About this task: What is needed is an exact copy of the records below, with the pictures left out.

Items from a data source:
☆ ☆ ☆ ☆
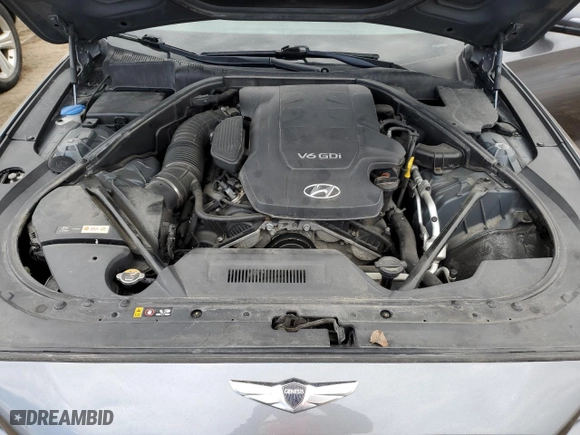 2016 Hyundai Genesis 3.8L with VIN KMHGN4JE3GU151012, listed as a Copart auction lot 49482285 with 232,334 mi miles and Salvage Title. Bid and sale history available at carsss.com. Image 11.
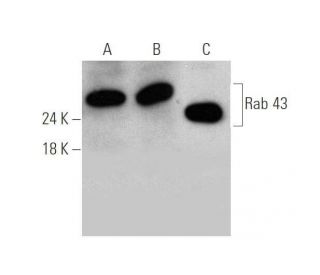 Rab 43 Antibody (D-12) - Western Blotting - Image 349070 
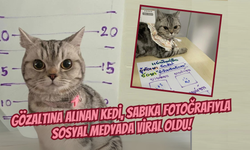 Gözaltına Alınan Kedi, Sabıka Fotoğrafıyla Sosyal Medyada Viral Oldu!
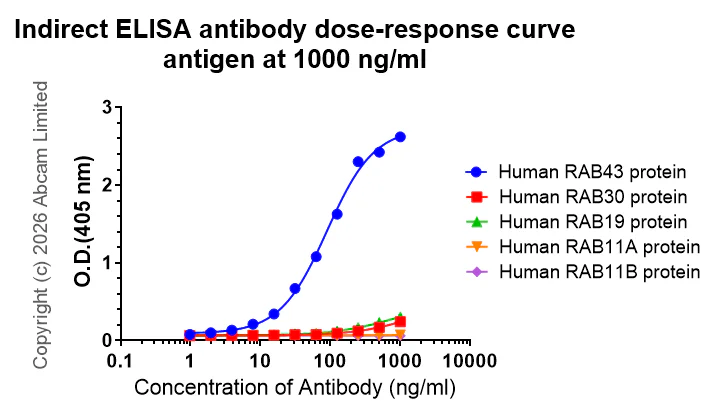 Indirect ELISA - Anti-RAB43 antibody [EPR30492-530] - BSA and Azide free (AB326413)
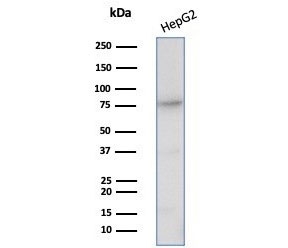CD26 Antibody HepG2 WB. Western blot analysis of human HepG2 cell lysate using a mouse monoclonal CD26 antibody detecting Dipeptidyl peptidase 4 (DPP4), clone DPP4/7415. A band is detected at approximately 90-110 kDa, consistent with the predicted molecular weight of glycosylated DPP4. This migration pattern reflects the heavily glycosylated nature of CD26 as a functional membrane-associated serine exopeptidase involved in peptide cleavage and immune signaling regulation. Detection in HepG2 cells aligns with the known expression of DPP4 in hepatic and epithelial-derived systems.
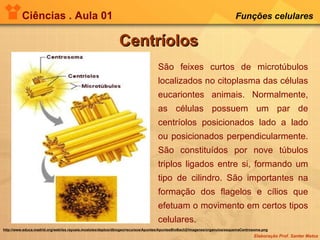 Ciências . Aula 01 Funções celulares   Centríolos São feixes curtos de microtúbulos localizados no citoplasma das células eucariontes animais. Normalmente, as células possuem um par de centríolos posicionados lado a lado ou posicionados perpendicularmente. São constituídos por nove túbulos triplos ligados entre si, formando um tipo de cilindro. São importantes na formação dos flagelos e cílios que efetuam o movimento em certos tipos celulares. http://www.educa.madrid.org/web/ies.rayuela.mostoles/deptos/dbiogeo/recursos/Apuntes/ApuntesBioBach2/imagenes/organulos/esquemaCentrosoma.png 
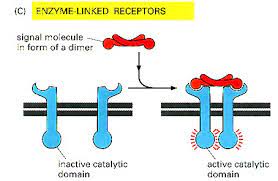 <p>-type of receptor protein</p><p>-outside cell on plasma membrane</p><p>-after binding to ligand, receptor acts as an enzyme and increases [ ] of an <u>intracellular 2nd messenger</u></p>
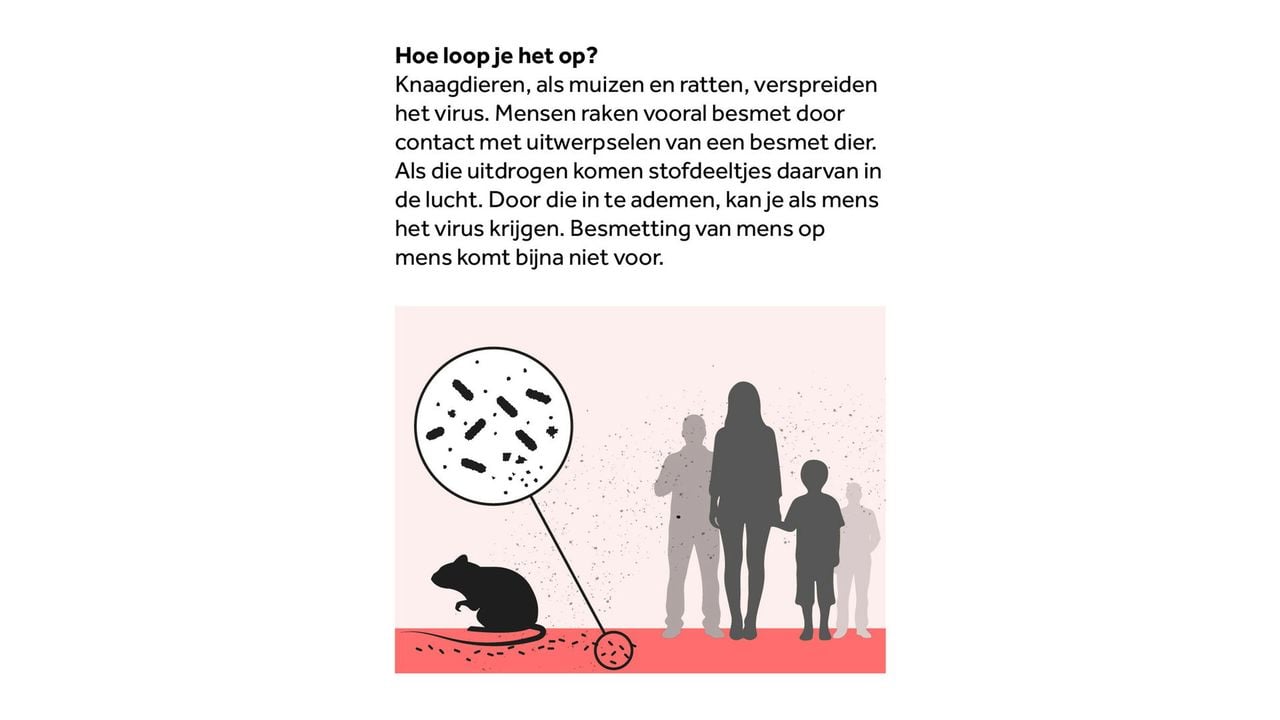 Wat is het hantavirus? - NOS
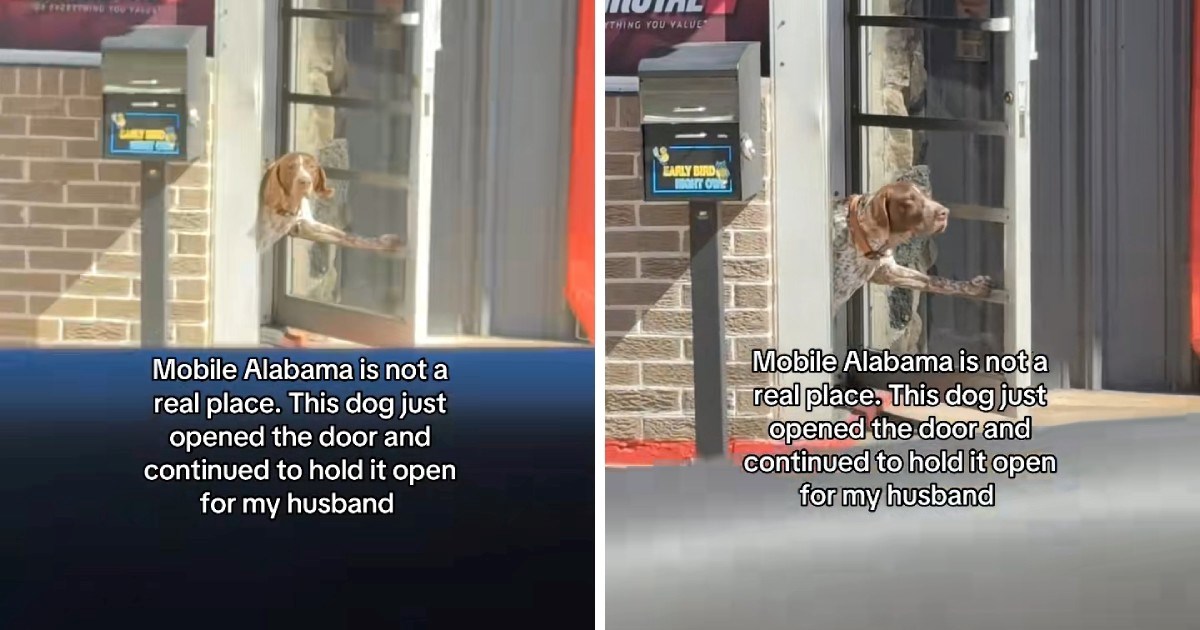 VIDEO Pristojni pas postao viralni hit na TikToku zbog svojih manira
☆ ☆ ☆ ☆
Response for this exercise:
 2016 Hyundai Genesis 3.8L with VIN KMHGN4JE3GU151012, listed as a Copart auction lot 49482285 with 232,334 mi miles and Salvage Title. Bid and sale history available at carsss.com. Image 11.
 Rab 43 Antibody (D-12) - Western Blotting - Image 349070 
 Gözaltına Alınan Kedi, Sabıka Fotoğrafıyla Sosyal Medyada Viral Oldu!
 Indirect ELISA - Anti-RAB43 antibody [EPR30492-530] - BSA and Azide free (AB326413)
CD26 Antibody HepG2 WB. Western blot analysis of human HepG2 cell lysate using a mouse monoclonal CD26 antibody detecting Dipeptidyl peptidase 4 (DPP4), clone DPP4/7415. A band is detected at approximately 90-110 kDa, consistent with the predicted molecular weight of glycosylated DPP4. This migration pattern reflects the heavily glycosylated nature of CD26 as a functional membrane-associated serine exopeptidase involved in peptide cleavage and immune signaling regulation. Detection in HepG2 cells aligns with the known expression of DPP4 in hepatic and epithelial-derived systems.
 Ciências . Aula 01 Funções celulares   Centríolos São feixes curtos de microtúbulos localizados no citoplasma das células eucariontes animais. Normalmente, as células possuem um par de centríolos posicionados lado a lado ou posicionados perpendicularmente. São constituídos por nove túbulos triplos ligados entre si, formando um tipo de cilindro. São importantes na formação dos flagelos e cílios que efetuam o movimento em certos tipos celulares. http://www.educa.madrid.org/web/ies.rayuela.mostoles/deptos/dbiogeo/recursos/Apuntes/ApuntesBioBach2/imagenes/organulos/esquemaCentrosoma.png 
 <p>-type of receptor protein</p><p>-outside cell on plasma membrane</p><p>-after binding to ligand, receptor acts as an enzyme and increases [ ] of an <u>intracellular 2nd messenger</u></p>
 Wat is het hantavirus? - NOS
 VIDEO Pristojni pas postao viralni hit na TikToku zbog svojih manira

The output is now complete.